Treatment duration, frequency, and symmetry of the schedule are essential elements of the prescription and have a decisive effect on solute removal, survival, and HRQOL (sections 2.6.2 and 2.6.3). The interval between treatments is also important. The odd number of days in a week causes difficulties for hemodialysis patients in the conventional 3 x/week schedule. Mortality is highest on Mondays and Tuesdays [Bleyer et al. 1999, Foley et al. 2011, Fotheringham et al. 2015].

Splitting the weekly treatment time into smaller fractions corrects this problem and lowers concentrations, but may increase blood access complications [Jun et al.

2013, The FHN Trial Group 2010, Weinhandl et al. 2015].

2.3.5 Water removal

Fluid accumulation is a common problem in dialysis patients. Technically its removal is simple, but the patients do not always tolerate it. Antihypertensive medication may exacerbate blood pressure drops during dialysis and hamper ultrafiltration leading to volume load, blood pressure rise, and a vicious circle.

Water removal is not addressed in this thesis.

2.3.6 Prescribed and delivered dose

Dialyzer clearance multiplied by treatment time (Kt) is based on dialyzer characteristics, Qb, Qd, and td. It is a patient-independent, external measure of delivered dialysis dose and often scaled to patient urea distribution volume V (Kt/V). Traditionally the delivered dose has been estimated from its effects on the patient’s blood urea concentrations because measurement of true Kd was difficult before the advent of ionic dialysance monitoring (IDM) devices. Modeled Kt/V is

insensitive to errors of Kd, but V is not an ideal scaling factor (sections 2.6.4, 6.1 and 6.3).

In the USA the single pool Kt/Vurea is the primary measure of dialysis dose [National Kidney Foundation 2015], obviously because it can be easily prescribed.

Even some observational registry studies are based on the prescribed dose reflecting the intention-to-treat concept.

The KDOQI guidelines recommend a higher prescribed target Kt/V (1.4) to guarantee a minimum delivered Kt/V (1.2) for all [National Kidney Foundation 2015]. In Europe, Qb, Qd, and td are often corrected arbitrarily if the delivered dose target has not been achieved. The resulting new prescribed Kt/V is ignored and forgotten and the focus is in the delivered dose.

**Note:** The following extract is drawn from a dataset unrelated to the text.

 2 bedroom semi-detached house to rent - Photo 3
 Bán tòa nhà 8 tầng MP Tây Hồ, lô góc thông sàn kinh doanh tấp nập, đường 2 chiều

If the Kt/V target is A (e.g. 1.2), then the required dialyzer clearance is

K = A * V / t (3)

and the required treatment time

t = A * V / K, (4)

where K is dialyzer clearance in mL/min, V is in mL and t in min.

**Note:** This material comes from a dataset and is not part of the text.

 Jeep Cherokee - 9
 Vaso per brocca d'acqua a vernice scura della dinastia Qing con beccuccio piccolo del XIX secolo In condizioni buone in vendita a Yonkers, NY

V can be estimated from anthropometric equations [Hume and Weyers 1971, Watson et al. 1980] and K from Michaels’ equation or nomograms published by the dialyzer manufacturer.

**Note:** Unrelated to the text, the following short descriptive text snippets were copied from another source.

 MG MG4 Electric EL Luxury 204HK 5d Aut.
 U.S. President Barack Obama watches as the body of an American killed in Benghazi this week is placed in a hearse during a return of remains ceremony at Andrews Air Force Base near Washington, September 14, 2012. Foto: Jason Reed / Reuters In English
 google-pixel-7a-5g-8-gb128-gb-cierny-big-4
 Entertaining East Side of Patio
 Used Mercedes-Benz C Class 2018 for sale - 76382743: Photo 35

We can choose the dialyzer, set K, t, and Qd and determine the required Qb from a nomogram. Or we can set Qb and Qd and calculate Kd from Michaels’

equation and td from Equation 4.

Online monitors based on ionic dialysance or UV light absorption help in delivering exactly the prescribed dose.

Taking into consideration the compartment effects and prescribing the required Qb, Qd, and td to achieve a continuous-equivalent clearance target is more complex and among the topics addressed in Study IV.